REQUIRED WORK
Starting at the line that contains "テンキー(ケーブル巻取り・USB・アイソレーション・ブラック) NT-21UBK サンワサプライ", write out each line exactly through the last one in the material below, and nothing more; omit all pictures.

-------- EXERCISE DATA

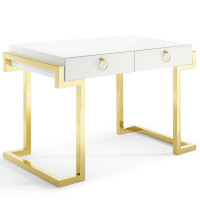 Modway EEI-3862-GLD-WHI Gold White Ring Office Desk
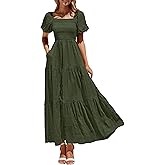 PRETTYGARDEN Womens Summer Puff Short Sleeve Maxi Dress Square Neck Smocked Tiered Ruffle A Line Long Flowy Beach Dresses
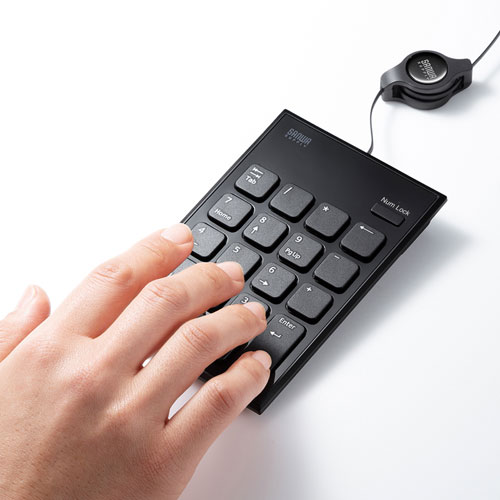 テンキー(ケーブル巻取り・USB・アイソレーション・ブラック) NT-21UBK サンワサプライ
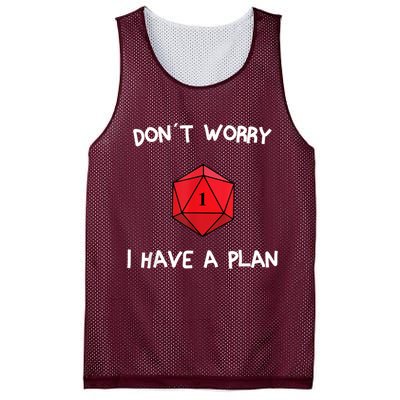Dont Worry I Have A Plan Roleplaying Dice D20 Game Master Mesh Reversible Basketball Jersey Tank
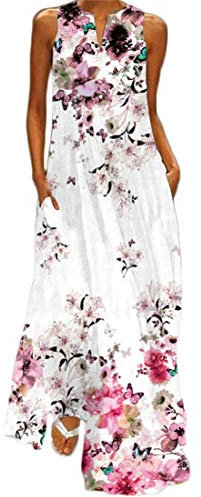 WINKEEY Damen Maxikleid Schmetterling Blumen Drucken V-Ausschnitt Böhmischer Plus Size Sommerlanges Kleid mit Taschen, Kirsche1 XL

----------------

SOLUTION FOR THIS PROBLEM
 テンキー(ケーブル巻取り・USB・アイソレーション・ブラック) NT-21UBK サンワサプライ
Dont Worry I Have A Plan Roleplaying Dice D20 Game Master Mesh Reversible Basketball Jersey Tank
 WINKEEY Damen Maxikleid Schmetterling Blumen Drucken V-Ausschnitt Böhmischer Plus Size Sommerlanges Kleid mit Taschen, Kirsche1 XL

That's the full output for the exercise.